By default, a tensor of
grid_size
² *nb_design
² is created.estimator_batch_size
is used over thenb_design
² dimension.
-
operator : Union[xplique.commons.operators_operations.Tasks, str, Callable[[keras.src.engine.training.Model, tensorflow.python.framework.tensor.Tensor, tensorflow.python.framework.tensor.Tensor], float], None] = None
Function g to explain, g take 3 parameters (f, x, y) and should return a scalar, with f the model, x the inputs and y the targets. If None, use the standard operator g(f, x, y) = f(x)[y].
explain(self,
inputs: Union[tf.Dataset, tensorflow.python.framework.tensor.Tensor, numpy.ndarray],
targets: Union[tensorflow.python.framework.tensor.Tensor, numpy.ndarray, None] = None) -> tensorflow.python.framework.tensor.Tensor
¶
inputs: Union[tf.Dataset, tensorflow.python.framework.tensor.Tensor, numpy.ndarray],
targets: Union[tensorflow.python.framework.tensor.Tensor, numpy.ndarray, None] = None) -> tensorflow.python.framework.tensor.Tensor
Compute the total Sobol' indices according to the explainer parameter (perturbation
function, grid size...). Accept Tensor, numpy array or tf.data.Dataset (in that case
targets is None).
Parameters
-
inputs : Union[tf.Dataset, tensorflow.python.framework.tensor.Tensor, numpy.ndarray]

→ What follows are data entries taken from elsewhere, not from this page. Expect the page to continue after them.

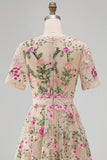 Vestido midi midi floral bordado de tul en pico con escote en V y manga corta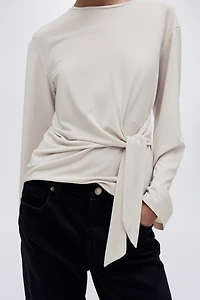 Tie-Detail Top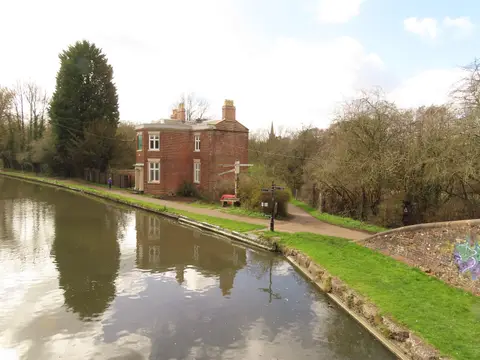 Photo of the Worcester & Birmingham Canal, a 30-mile canal running from Birmingham to Worcester, central England.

Images to be explained, either tf.dataset, Tensor or numpy array.
If Dataset, targets should not be provided (included in Dataset).
Expected shape (N, W, H, C) or (N, W, H).
-
targets : Union[tensorflow.python.framework.tensor.Tensor, numpy.ndarray, None] = None
One-hot encoding for classification or direction {-1, +1} for regression.
Tensor or numpy array.
Expected shape (N, C) or (N).
Return
-
attributions_maps : tensorflow.python.framework.tensor.Tensor
GSA Attribution Method explanations, same shape as the inputs except for the channels.